[jsword-devel] Missing short bible book names for most languages

Tue Jan 11 04:32:35 MST 2011

On Jan 10, 2011, at 6:37 PM, Martin Denham wrote:

> Hi, I have hit a problem and I don't know if anybody has any suggestions.  
> 
> A long term request for And Bible has been to show the book names and chapters in a grid for navigation purposes.  To fit the book names on the screen I used the short names from BibleNames.properties e.g. 'Gen'. 'Exo' and it was working very well until I tried a test in a foreign language when I discovered that very few of the localisations have short names and if there is no short name then the long name is used and there is no way to fit 66 long names in a grid on a small mobile phone screen.
> 
> To compound the problem it is not just a few languages that are missing short names it is nearly all of them:
> 
> No short names: af, ar_EG, bg, cs, da, es, fi, fr, he, hu, id, it, la, lt, nl, no, pl, pt_BR, pt, ro, ru, sk, sl, sv, th, uk, 
> Short names: de, en, et, fa, in,  ko, vi, zh_CN, zh
> 
> I did wonder if there might be an alternative source of short names, possibly from another sword project like Xiphos, that we could use to insert the correct short names in our properties files.

The Bible book names that the SWORD front-ends use are from locales.d (under svn here: http://crosswire.org/svn/sword/trunk/locales.d/ ). This is where we derived the various BibleNames.properties.

The languages for which SWORD has standard abbreviations, have a "xx_abbrev.conf" file, where xx is the language code. 

There are two ways SWORD stores abbreviations, either in the xx-utf8.conf (or the cp1252 equivalent xx.conf) or in xx_abbrev-utf8.conf (or cp1252 equivalent xx_abbrev.conf). In both of these files abbreviations are stored in the [Book Abbrevs] section.

The purpose of abbreviations differ between these two files.

In the xx-utf8.conf file, they are used as lookup patterns. That is given a text or given user input, to which Bible book is being referred? In this file there typically are many common prefixes of the book name, with and without punctuation and spaces. There is no attempt to identify a proper/standard abbreviation in this file. This file is sensitive to order. The abbreviation Jud might be good abbreviations for Judges and Jude. The first one listed is the winner. It may be that the shortest value in the file is a fine abbreviation to show the user. But I wouldn't vouch for that. Who knows, it might just be an offensive word.

The xx_abbrev-utf8.conf there is an attempt to identify a standard book abbreviation. These files map from standard English Bible book names to the language's standard abbreviations and from those abbreviations to the standard English abbreviations. (Note, by standard, I mean that it is identified as the unique/key name in these files.)

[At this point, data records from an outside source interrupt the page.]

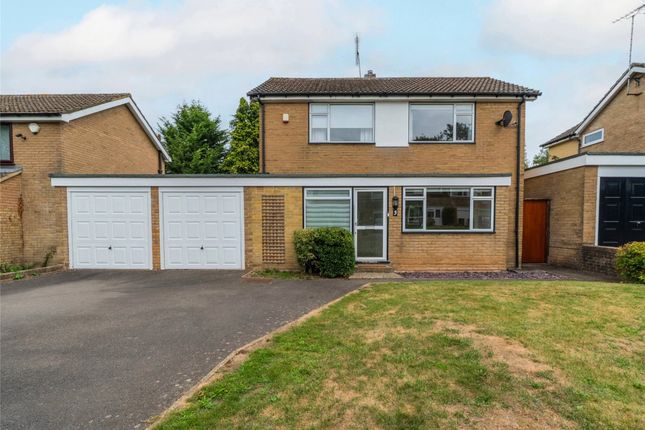 Sherborne Walk, Leatherhead, Surrey... 3 bed detached house for sale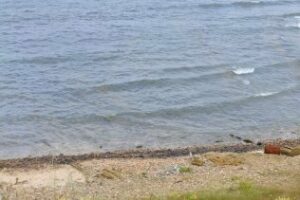 Detectan un vertido de fuel en aguas del Estrecho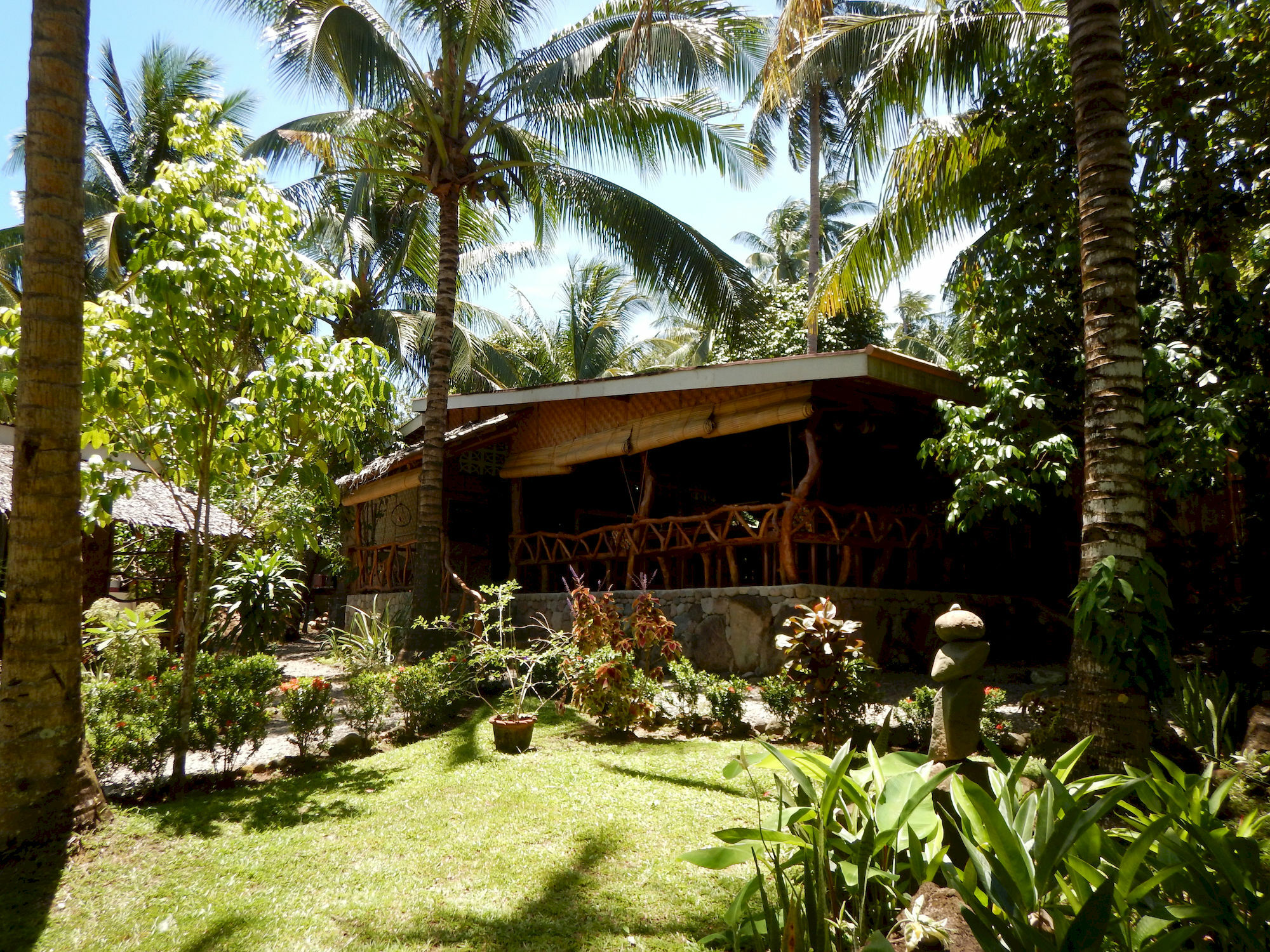 Camiguin Volcan Beach Eco Retreat & Dive Resort Мамбахао Экстерьер фото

In JSword, we have the BibleNames_xx.conf with entries of the form:
Judg.Full=Judges
Judg.Short=Judg
Judg.Alt=jdg,jud
Where the key is made up of two parts: An OSIS book abbreviation followed by Full, Short or Alt.

The values given are:
Long - A full name of the book. here might be other abbreviations that are equally good, but only one is here.
Short - A standard abbreviation. This is worthy of being shown to a user. There might be other abbreviations that are equally good, but only one is here. By and large, these don't have spaces, e.g. 1 Cor is 1Cor.
Alt - other abbreviations by which the book is known. None of these are prefixes. Though they might be good abbreviations, these are intended for internal use only. That's why they are lowercase.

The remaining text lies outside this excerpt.